==== Task input ====
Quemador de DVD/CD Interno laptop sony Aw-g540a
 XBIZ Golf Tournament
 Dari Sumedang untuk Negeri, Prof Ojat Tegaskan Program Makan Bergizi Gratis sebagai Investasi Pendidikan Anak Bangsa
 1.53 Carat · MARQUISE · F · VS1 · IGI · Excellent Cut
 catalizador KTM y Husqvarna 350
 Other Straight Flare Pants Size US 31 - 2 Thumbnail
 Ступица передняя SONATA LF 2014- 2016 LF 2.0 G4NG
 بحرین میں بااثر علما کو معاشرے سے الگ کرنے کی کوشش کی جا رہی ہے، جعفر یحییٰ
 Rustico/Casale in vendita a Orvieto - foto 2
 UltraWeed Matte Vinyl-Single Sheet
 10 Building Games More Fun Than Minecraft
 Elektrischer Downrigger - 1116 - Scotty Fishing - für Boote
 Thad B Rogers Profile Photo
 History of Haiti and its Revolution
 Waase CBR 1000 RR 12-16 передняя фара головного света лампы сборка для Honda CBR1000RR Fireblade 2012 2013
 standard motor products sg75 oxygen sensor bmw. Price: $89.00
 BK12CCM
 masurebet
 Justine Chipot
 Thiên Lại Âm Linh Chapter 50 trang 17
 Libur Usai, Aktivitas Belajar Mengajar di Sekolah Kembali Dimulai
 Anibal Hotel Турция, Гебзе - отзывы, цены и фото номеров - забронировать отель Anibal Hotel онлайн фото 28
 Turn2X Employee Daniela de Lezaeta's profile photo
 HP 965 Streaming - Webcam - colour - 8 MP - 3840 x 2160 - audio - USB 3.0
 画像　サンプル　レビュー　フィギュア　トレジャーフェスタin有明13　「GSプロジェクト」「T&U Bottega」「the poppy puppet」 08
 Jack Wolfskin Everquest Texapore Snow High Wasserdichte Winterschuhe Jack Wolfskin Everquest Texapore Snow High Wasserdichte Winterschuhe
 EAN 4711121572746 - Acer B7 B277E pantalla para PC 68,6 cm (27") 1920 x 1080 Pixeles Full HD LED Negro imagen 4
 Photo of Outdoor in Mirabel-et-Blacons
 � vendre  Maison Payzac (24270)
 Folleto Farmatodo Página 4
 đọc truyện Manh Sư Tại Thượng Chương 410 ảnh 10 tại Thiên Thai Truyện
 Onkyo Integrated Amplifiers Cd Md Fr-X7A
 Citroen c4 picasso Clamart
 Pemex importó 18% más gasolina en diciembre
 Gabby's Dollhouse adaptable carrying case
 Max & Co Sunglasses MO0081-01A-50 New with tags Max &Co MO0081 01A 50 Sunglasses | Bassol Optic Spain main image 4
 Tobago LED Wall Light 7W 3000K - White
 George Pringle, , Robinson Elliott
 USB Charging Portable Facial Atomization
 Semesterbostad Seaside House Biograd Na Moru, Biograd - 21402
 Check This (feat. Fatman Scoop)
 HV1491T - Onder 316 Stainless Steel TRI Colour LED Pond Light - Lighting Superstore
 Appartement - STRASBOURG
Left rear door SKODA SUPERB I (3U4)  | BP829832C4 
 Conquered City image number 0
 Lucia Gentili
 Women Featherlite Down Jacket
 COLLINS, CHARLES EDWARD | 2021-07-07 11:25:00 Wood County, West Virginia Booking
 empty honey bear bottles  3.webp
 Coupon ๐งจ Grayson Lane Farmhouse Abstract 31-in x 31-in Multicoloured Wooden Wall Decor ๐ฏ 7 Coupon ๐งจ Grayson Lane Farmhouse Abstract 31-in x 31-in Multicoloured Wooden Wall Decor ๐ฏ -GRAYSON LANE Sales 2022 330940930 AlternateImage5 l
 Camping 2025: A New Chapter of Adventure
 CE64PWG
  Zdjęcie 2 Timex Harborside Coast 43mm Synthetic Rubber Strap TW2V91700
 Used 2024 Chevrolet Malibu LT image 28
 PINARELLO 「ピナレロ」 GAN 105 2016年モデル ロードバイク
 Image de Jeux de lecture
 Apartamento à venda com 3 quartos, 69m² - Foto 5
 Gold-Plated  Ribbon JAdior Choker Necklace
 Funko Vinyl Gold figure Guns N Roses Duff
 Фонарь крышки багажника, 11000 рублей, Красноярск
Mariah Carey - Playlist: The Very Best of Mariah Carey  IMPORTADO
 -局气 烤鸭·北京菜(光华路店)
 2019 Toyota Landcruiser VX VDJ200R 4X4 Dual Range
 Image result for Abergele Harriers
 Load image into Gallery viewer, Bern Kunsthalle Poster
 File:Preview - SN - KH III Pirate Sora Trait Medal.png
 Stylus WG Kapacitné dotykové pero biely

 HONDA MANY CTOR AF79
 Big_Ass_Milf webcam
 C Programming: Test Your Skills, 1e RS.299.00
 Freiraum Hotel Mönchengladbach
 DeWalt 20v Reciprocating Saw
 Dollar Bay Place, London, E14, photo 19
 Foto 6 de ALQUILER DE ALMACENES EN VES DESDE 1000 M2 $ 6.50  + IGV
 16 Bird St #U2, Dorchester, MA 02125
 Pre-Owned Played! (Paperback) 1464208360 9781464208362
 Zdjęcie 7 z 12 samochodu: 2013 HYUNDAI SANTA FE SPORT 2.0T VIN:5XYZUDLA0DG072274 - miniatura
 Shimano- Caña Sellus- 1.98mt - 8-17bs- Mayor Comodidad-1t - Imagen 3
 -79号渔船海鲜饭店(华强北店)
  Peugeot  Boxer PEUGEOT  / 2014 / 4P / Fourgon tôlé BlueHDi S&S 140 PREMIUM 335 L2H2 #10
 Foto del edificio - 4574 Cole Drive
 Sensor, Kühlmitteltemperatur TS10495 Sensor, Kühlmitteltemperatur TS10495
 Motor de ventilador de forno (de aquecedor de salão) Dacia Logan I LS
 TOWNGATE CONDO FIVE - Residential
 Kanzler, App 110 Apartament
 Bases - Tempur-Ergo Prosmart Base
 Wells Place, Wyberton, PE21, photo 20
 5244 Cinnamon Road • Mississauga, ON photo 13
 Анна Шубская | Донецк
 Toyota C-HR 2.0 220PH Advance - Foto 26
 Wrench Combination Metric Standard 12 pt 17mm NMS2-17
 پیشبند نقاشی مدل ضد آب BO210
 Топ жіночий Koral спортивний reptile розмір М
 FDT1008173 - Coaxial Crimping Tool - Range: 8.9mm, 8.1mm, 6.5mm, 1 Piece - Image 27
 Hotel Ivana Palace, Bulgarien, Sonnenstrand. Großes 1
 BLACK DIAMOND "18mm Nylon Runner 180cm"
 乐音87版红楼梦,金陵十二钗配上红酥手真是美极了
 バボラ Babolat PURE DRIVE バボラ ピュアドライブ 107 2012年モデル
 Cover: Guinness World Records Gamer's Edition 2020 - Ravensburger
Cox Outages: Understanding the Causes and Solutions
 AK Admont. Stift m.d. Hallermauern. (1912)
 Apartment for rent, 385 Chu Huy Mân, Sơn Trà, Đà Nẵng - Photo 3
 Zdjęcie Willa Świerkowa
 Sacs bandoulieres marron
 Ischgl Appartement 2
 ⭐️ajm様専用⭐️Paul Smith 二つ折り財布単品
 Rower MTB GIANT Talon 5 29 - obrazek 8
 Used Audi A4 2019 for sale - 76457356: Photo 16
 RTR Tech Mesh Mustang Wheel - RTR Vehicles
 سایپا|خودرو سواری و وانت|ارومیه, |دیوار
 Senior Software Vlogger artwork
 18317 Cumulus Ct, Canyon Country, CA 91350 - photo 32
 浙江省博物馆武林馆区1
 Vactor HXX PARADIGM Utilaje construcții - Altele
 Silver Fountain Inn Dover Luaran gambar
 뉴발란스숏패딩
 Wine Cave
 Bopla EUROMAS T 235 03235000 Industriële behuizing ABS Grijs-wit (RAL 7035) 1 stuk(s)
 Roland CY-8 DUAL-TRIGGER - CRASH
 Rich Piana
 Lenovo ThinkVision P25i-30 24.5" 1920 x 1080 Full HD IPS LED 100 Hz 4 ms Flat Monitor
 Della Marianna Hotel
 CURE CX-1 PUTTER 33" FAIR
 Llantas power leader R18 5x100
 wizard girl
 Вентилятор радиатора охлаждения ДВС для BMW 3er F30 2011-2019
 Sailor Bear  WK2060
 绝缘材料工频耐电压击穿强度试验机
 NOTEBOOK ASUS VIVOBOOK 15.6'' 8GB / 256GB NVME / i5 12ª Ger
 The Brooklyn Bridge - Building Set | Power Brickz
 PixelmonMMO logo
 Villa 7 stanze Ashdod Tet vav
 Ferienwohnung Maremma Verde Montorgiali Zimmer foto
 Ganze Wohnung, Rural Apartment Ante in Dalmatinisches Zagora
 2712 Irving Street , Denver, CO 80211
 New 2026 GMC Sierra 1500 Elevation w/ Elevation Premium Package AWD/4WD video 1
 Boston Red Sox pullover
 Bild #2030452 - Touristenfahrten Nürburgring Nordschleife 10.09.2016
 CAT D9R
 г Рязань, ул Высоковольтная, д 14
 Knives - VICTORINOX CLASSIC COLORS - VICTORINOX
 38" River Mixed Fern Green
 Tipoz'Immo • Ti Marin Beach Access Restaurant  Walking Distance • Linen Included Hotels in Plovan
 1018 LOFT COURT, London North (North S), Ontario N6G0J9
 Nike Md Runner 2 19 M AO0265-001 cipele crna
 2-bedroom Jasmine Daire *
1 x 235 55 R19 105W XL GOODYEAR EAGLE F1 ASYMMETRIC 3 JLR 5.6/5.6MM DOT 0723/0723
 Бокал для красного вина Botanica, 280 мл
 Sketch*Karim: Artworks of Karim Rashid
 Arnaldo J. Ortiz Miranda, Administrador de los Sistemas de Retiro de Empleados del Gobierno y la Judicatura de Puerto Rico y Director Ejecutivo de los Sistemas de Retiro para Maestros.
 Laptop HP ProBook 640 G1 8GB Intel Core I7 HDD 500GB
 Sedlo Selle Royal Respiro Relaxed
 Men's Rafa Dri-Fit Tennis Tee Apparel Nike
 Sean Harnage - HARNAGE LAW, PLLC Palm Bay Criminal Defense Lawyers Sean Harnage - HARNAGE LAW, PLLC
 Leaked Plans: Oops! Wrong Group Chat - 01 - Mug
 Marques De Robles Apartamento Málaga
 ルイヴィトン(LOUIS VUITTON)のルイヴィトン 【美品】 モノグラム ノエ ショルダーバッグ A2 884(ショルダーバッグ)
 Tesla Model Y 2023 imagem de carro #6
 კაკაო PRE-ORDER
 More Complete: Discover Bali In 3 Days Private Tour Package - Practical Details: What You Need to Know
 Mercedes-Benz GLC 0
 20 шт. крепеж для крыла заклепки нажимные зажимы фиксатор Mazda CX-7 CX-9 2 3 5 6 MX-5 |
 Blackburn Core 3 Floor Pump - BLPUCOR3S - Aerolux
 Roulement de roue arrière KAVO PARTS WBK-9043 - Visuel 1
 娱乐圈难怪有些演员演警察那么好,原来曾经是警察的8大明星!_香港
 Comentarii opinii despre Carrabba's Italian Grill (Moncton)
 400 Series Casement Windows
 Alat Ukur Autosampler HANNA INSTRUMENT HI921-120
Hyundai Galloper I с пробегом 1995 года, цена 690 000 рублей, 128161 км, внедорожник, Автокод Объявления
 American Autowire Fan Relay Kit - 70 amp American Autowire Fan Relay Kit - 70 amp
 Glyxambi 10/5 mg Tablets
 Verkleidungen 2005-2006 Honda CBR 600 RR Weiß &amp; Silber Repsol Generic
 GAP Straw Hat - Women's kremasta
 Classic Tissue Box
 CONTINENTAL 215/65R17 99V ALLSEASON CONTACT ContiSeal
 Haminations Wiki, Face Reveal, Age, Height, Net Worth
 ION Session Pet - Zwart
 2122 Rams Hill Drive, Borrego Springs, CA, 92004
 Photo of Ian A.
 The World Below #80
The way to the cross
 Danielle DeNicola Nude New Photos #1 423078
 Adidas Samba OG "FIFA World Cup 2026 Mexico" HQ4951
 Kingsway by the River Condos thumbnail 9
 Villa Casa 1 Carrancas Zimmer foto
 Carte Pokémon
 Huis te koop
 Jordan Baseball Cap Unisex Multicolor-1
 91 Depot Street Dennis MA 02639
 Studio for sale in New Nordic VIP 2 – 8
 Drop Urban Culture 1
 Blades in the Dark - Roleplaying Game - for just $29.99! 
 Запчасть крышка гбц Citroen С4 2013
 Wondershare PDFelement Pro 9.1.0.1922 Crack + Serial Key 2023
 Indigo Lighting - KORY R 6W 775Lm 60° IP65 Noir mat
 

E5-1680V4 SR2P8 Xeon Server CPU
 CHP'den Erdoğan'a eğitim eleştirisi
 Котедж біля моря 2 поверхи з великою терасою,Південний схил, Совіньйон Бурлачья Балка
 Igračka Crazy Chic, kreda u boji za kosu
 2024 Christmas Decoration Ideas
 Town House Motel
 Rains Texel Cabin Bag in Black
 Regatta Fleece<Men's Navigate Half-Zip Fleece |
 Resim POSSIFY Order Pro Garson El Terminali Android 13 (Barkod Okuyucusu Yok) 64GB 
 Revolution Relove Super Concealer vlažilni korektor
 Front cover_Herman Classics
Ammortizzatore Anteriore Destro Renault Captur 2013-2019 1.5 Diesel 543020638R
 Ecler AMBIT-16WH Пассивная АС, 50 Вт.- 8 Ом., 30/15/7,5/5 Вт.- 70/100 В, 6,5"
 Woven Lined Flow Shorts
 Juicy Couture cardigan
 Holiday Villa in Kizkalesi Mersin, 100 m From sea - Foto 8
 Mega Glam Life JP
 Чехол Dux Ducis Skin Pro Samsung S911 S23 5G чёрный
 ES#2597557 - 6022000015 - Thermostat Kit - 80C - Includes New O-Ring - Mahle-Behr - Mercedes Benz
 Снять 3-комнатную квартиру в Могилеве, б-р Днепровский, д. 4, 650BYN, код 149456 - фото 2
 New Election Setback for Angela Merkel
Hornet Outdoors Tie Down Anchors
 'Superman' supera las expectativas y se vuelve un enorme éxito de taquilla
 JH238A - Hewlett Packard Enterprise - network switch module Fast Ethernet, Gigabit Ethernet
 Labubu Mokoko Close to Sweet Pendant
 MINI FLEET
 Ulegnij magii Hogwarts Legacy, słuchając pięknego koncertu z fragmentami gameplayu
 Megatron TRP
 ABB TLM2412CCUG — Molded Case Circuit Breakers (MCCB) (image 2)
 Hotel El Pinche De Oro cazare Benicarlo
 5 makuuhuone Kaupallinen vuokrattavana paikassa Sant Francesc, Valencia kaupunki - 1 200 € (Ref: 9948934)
====
_Task prompt_:
Retype, exactly and in full, the lines above from the one containing "Sacs bandoulieres marron" through the one containing "Sean Harnage - HARNAGE LAW, PLLC Palm".

_Answer section_:
 Sacs bandoulieres marron
 Ischgl Appartement 2
 ⭐️ajm様専用⭐️Paul Smith 二つ折り財布単品
 Rower MTB GIANT Talon 5 29 - obrazek 8
 Used Audi A4 2019 for sale - 76457356: Photo 16
 RTR Tech Mesh Mustang Wheel - RTR Vehicles
 سایپا|خودرو سواری و وانت|ارومیه, |دیوار
 Senior Software Vlogger artwork
 18317 Cumulus Ct, Canyon Country, CA 91350 - photo 32
 浙江省博物馆武林馆区1
 Vactor HXX PARADIGM Utilaje construcții - Altele
 Silver Fountain Inn Dover Luaran gambar
 뉴발란스숏패딩
 Wine Cave
 Bopla EUROMAS T 235 03235000 Industriële behuizing ABS Grijs-wit (RAL 7035) 1 stuk(s)
 Roland CY-8 DUAL-TRIGGER - CRASH
 Rich Piana
 Lenovo ThinkVision P25i-30 24.5" 1920 x 1080 Full HD IPS LED 100 Hz 4 ms Flat Monitor
 Della Marianna Hotel
 CURE CX-1 PUTTER 33" FAIR
 Llantas power leader R18 5x100
 wizard girl
 Вентилятор радиатора охлаждения ДВС для BMW 3er F30 2011-2019
 Sailor Bear  WK2060
 绝缘材料工频耐电压击穿强度试验机
 NOTEBOOK ASUS VIVOBOOK 15.6'' 8GB / 256GB NVME / i5 12ª Ger
 The Brooklyn Bridge - Building Set | Power Brickz
 PixelmonMMO logo
 Villa 7 stanze Ashdod Tet vav
 Ferienwohnung Maremma Verde Montorgiali Zimmer foto
 Ganze Wohnung, Rural Apartment Ante in Dalmatinisches Zagora
 2712 Irving Street , Denver, CO 80211
 New 2026 GMC Sierra 1500 Elevation w/ Elevation Premium Package AWD/4WD video 1
 Boston Red Sox pullover
 Bild #2030452 - Touristenfahrten Nürburgring Nordschleife 10.09.2016
 CAT D9R
 г Рязань, ул Высоковольтная, д 14
 Knives - VICTORINOX CLASSIC COLORS - VICTORINOX
 38" River Mixed Fern Green
 Tipoz'Immo • Ti Marin Beach Access Restaurant  Walking Distance • Linen Included Hotels in Plovan
 1018 LOFT COURT, London North (North S), Ontario N6G0J9
 Nike Md Runner 2 19 M AO0265-001 cipele crna
 2-bedroom Jasmine Daire *
1 x 235 55 R19 105W XL GOODYEAR EAGLE F1 ASYMMETRIC 3 JLR 5.6/5.6MM DOT 0723/0723
 Бокал для красного вина Botanica, 280 мл
 Sketch*Karim: Artworks of Karim Rashid
 Arnaldo J. Ortiz Miranda, Administrador de los Sistemas de Retiro de Empleados del Gobierno y la Judicatura de Puerto Rico y Director Ejecutivo de los Sistemas de Retiro para Maestros.
 Laptop HP ProBook 640 G1 8GB Intel Core I7 HDD 500GB
 Sedlo Selle Royal Respiro Relaxed
 Men's Rafa Dri-Fit Tennis Tee Apparel Nike
 Sean Harnage - HARNAGE LAW, PLLC Palm Bay Criminal Defense Lawyers Sean Harnage - HARNAGE LAW, PLLC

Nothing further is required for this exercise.